In March 2018, PM USA and the State of Minnesota filed pleadings in Minnesota state court asserting claims against R.J. Reynolds and ITG, similar to those made in Florida, and seeking to enforce the Minnesota State Settlement Agreement. In September 2019, the Minnesota court granted the State of Minnesota’s and PM USA’s motions to enforce the agreement against R.J. Reynolds. The Minnesota court concluded, however, that it could not yet resolve the question of ITG’s liability under the Minnesota State Settlement Agreement. An evidentiary hearing on the question of ITG’s potential liability was held in the third quarter of 2020. A decision has not yet been issued.
In December 2018, PM USA filed a motion in Mississippi state court seeking to enforce the Mississippi State Settlement Agreement against R.J. Reynolds and ITG with respect to the accuracy of certain submissions made by R.J. Reynolds and ITG concerning the calculation of payments relating to the ITG brands.

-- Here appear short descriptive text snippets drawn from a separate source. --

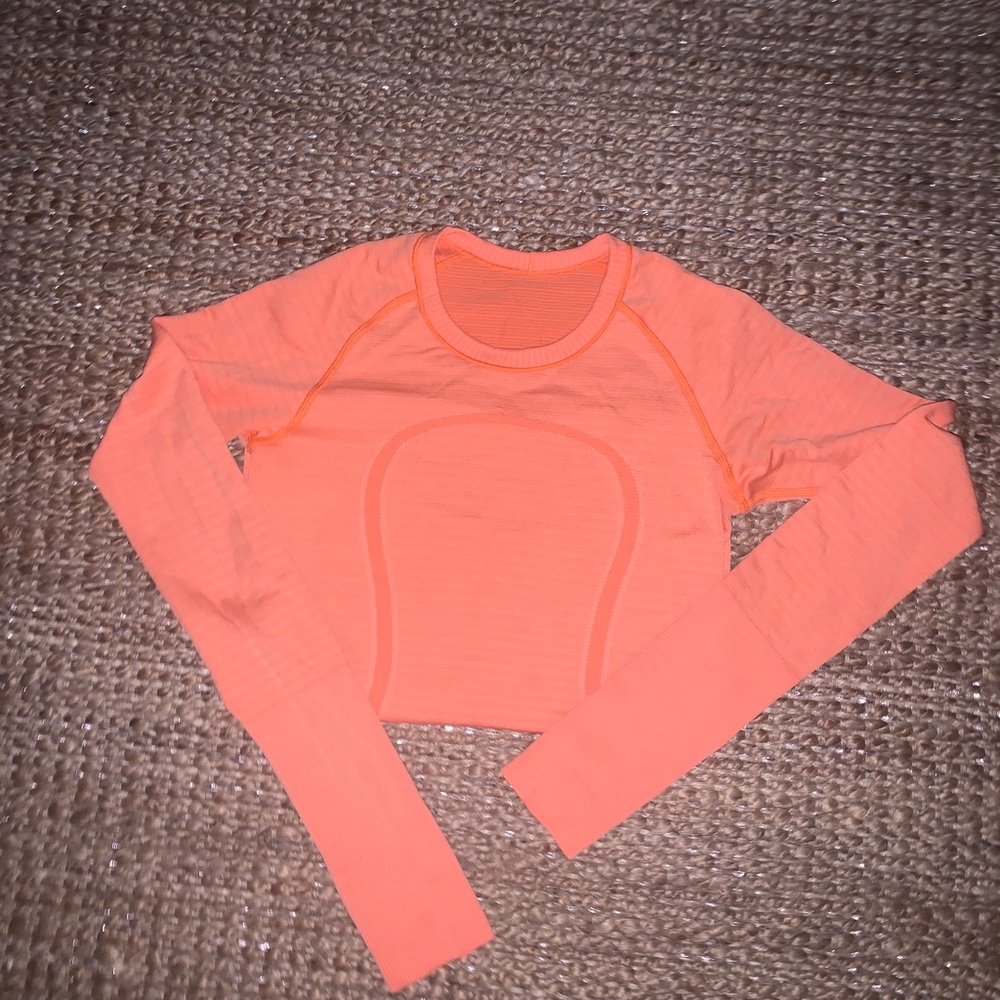 Lululemon long sleeve size 2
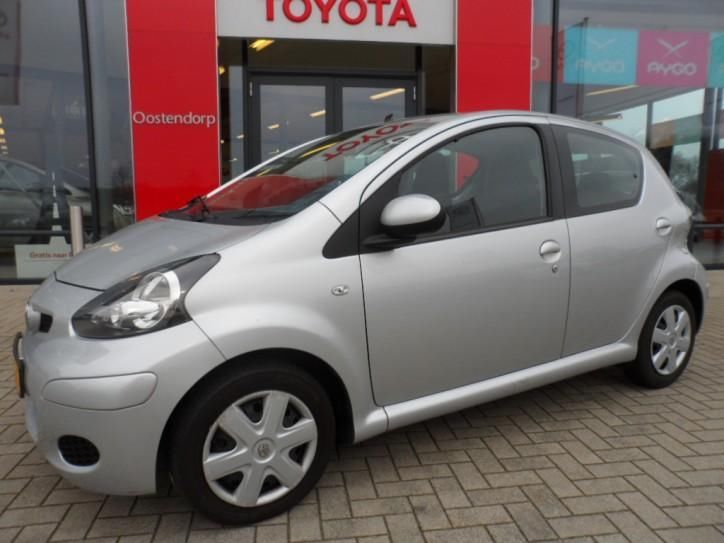 Toyota Aygo 1.0-12V Comfort Airco (bj 2010)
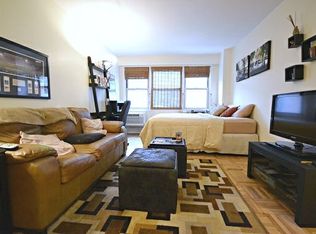 150 E 37th St APT 3D, New York, NY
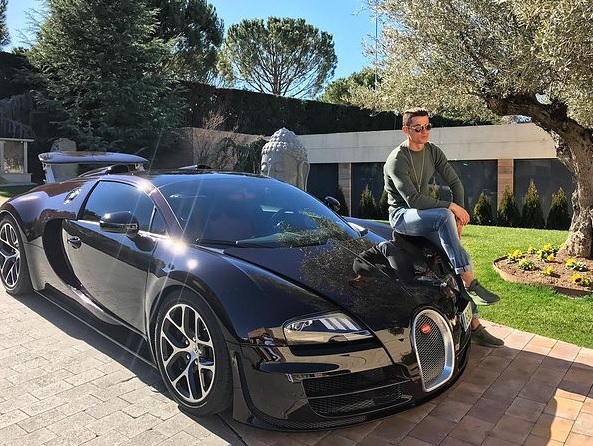 5 auto cristiano, Le 5 auto di Cristiano Ronaldo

A hearing in the case is currently scheduled for May 2021. In December 2019, in a separate matter, the State of Mississippi filed a motion in Mississippi state court seeking to enforce the Mississippi State Settlement Agreement against PM USA, R.J. Reynolds and ITG concerning the tax rates used in the annual calculation of the net operating profit adjustment payments starting in 2018. A hearing is scheduled for October 2021.
In January 2019, PM USA and the State of Texas each filed a motion in federal court in the Eastern District of Texas asserting claims against R.J. Reynolds and ITG, similar to those made in Florida and Minnesota, seeking to enforce the Texas State Settlement Agreement. In February 2020, the Texas court granted the State of Texas’s and PM USA’s motions to enforce the settlement agreement against R.J. Reynolds. The Texas court, however, deferred the ultimate resolution of the motions to enforce against ITG, because it concluded that question was dependent upon the outcome of separate litigation pending between ITG and R.J. Reynolds in the Delaware Court of Chancery. In August 2020, R.J. Reynolds appealed the Eastern District of Texas’s ruling to the U.S. Court of Appeals for the Fifth Circuit. ITG and the State of Texas also have filed notices of appeal, each of which is limited to the issue of how payments of statutory fees are treated under the Eastern District of Texas’s ruling. The appeals remain pending.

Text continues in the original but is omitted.